Lots of people are incredulous that I have moved North: as if it is counter-intuitive, as if I am moving beyond the pale, or the known world. I am moving from the land of retirement to the land of work: that’s how they see it. Everyone else is either travelling in the other direction, or aspiring to move. Devon is sun/sand/shopping and so on. I have a very uneasy relationship with Devon now. It seems to me far-off and curious: perhaps more so since, for the last decade or so, I have lived in the heart of the Devon countryside (not a million miles, in fact, about five, from where Plath found the place depressing and depressive, although she had a bit more to complain about than I did, I think).

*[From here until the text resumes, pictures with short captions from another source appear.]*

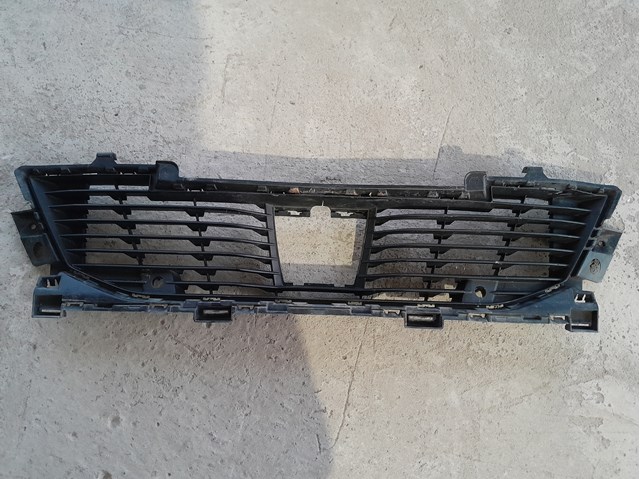 98396546XT PEUGEOT Решетка бампера переднего центральная купить в Днепр
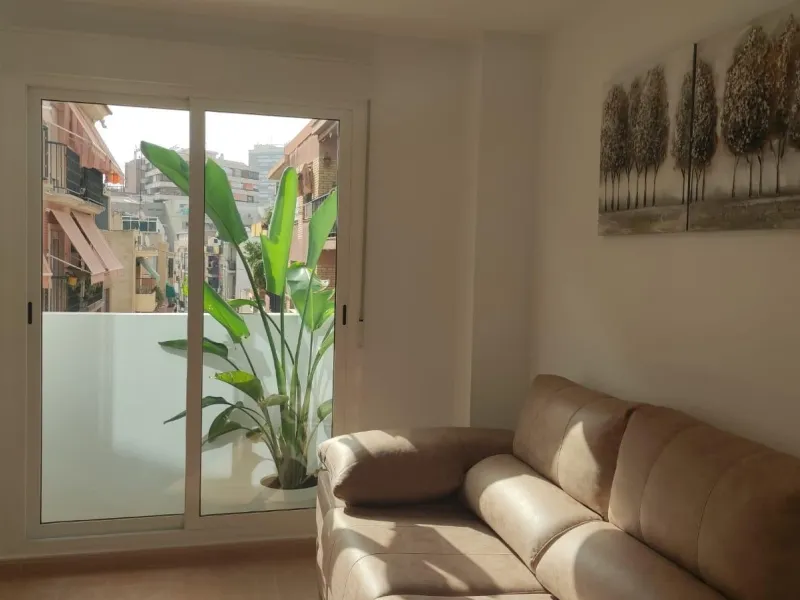 Apartamento de 2 dormitorios y 2 baños en San Blas de Alicante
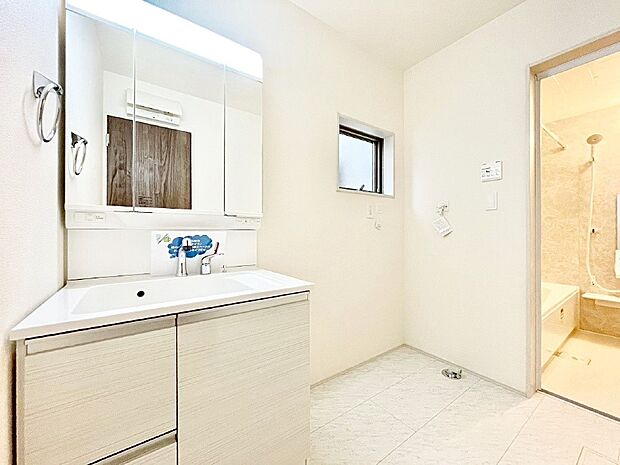 小窓がついているので湿気の多い場所でも換気が十分行えます。毎日の身支度を気持ち良く！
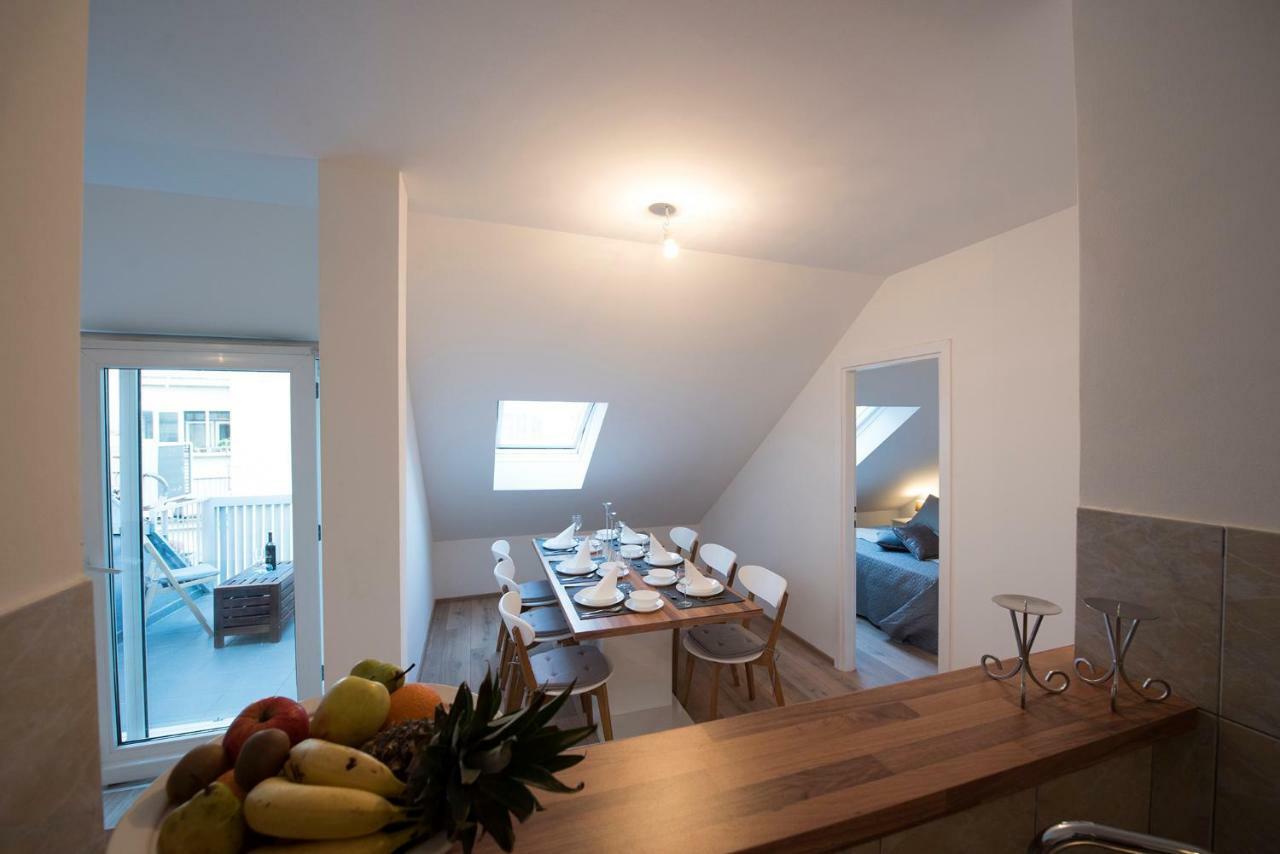 The Roof - Luxury Apartment Omis Exterior photo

Almost any attempt to say what a place and its people are like is infringing a stereotype (hope that makes sense). Devonians (as against Devonians of recent provenance, like me and a million more) are quite slow to accept you. It’s not quite true that you have to have three generations in the graveyard (and possibly be in it yourself) before you are considered at home, but it does take a while. The farming Devonians still live a kind of hard but carelessly slow life, and they seem unfathomable when actually, they’re preoccupied. They like what they know, and aren’t especially curious about what they don’t. Often they are not bothered if you don’t pay a bill, and surprised if you do. I bought £40 worth of logs from a man called Jim in 1998, and I tried to pay him cash. More than once. ‘No, no, no,’ he said, as if this was a breach of etiquette. They don’t like you to live on tick, but they want you to get round to it in a few years, not days. They’re also very trusting: they leave their doors ajar, and the theft figures outside the towns are insignificant. My insurance company sent me a cheque when I moved to the sticks – money back for being in a safe place (not sure that would happen now!)

The incuriousness about Devonians can drive you mad, but it is attractive, too. Many of the students I taught had no consciousness of anywhere north of Taunton or Bristol (and were horrified when I said it took me six or more hours to visit my parents, because that was a whole day). North-easterners, on the other hand, are very curious about the rest of the country. They consider visiting it. They might not go, but they’d be willing. Devonians would rather stay at home, and are not fussed about what happens elsewhere. They’re also less loud, less intentionally witty, and far less extravagant with emotion. Banter is not second nature to them. Whereas here, people are driven and generally ready to spill their life-stories.

That’s enough for one posting. I’ll think about it (a very Devonian state of mind).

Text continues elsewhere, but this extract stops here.